A brewery is a dedicated building for the making of beer, though beer can be made at home, and has been for much of beer's history. A company that makes beer is called either a brewery or a brewing company.

The diversity of size in breweries is matched by the diversity of processes, degrees of automation, and kinds of beer produced in breweries. A brewery is typically divided into distinct sections, with each section reserved for one part of the brewing process.

History

A 16th-century brewery.

The oldest, still functional, brewery in the world is believed to be the German state-owned Weihenstephan brewery in the city of Freising, Bavaria. It can trace its history back to 1040 AD (this is disputed by the nearby Weltenburg Abbey brewery, who can trace back its beer-brewing tradition to at least 1050 AD, claiming the Weihenstephan document is at least controversial. The Zatec brewery in the Czech Republic claims it can prove that it paid a beer tax in 1004 AD).

The industrialization of the brewery

Beer, in some form, can be traced back almost 5000 years to Mesopotamian writings describing daily rations of beer and bread to workers. Before the rise of production breweries, the production of beer took place at home and was the domain of women, as baking and brewing were seen as "women's work". Breweries, as production facilities reserved for making beer, did not emerge until monasteries and other Christian institutions started producing beer not only for their own consumption but also to use as payment. This industrialization of brewing shifted the responsibility of making beer to men.

Early breweries were almost always built on multiple stories, with equipment on higher floors used earlier in the production process, so that gravity could assist with the transfer of product from one stage to the next. This layout often is preserved in breweries today, but mechanical pumps allow more flexibility in brewery design.

Early breweries typically used large copper vats in the brewhouse, and fermentation and packaging took place in lined wooden containers. Such breweries were common until the Industrial Revolution, when better materials became available, and scientific advances led to a better understanding of the brewing process. Today, almost all brewery equipment is made of stainless steel.

Major technological advances

19th century brewery installations

A handful of major breakthroughs have led to the modern brewery and its ability to produce the same beer consistently.
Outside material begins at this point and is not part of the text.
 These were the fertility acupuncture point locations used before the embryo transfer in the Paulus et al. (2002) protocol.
The steam engine, vastly improved in 1775 by James Watt, brought automatic stirring mechanisms and pumps into the brewery. It gave brewers the ability to mix liquids more reliably while heating, particularly the mash, to prevent scorching, and a quick way to transfer liquid from one container to another. Almost all breweries now use electric-powered stirring mechanisms and pumps. The steam engine also allowed the brewer to make greater quantities of beer, as human power was no longer a limiting factor in moving and stirring.
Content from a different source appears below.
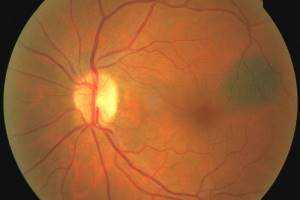 Доброкачественные опухоли сосудистой оболочки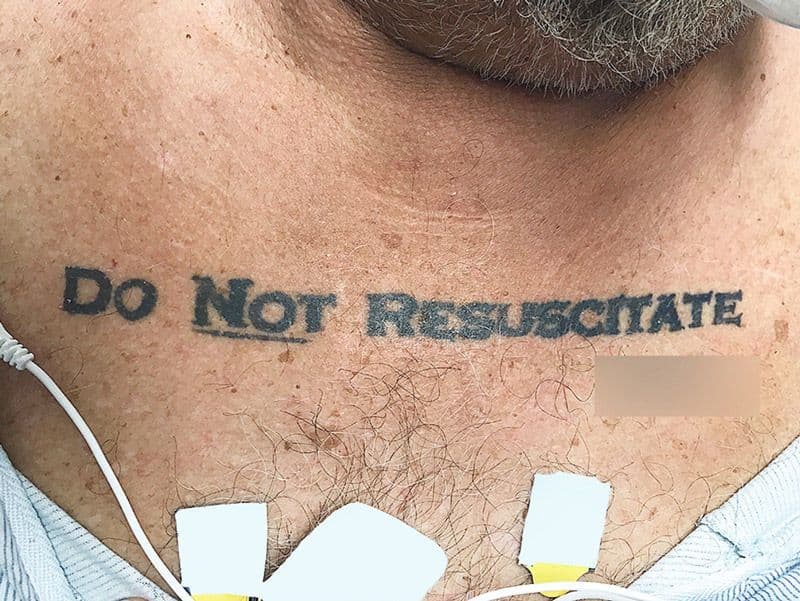 مريض في غيبوبة يحمل وشماً على صدره جاء فيه: ”لا تنعشوني“، يثير معضلة أخلاقيةً بين أطباء قسم الطوارئ في المشفى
Carl von Linde, along with others, is credited with developing the refrigeration machine in 1871. Refrigeration allowed beer to be produced year-round, and always at the same temperature. Yeast is very sensitive to temperature, and, if a beer were produced during summer, the yeast would impart unpleasant flavors onto the beer. Most brewers would produce enough beer during winter to last through the summer, and store it in underground cellars, or even caves, to protect it from summer's heat.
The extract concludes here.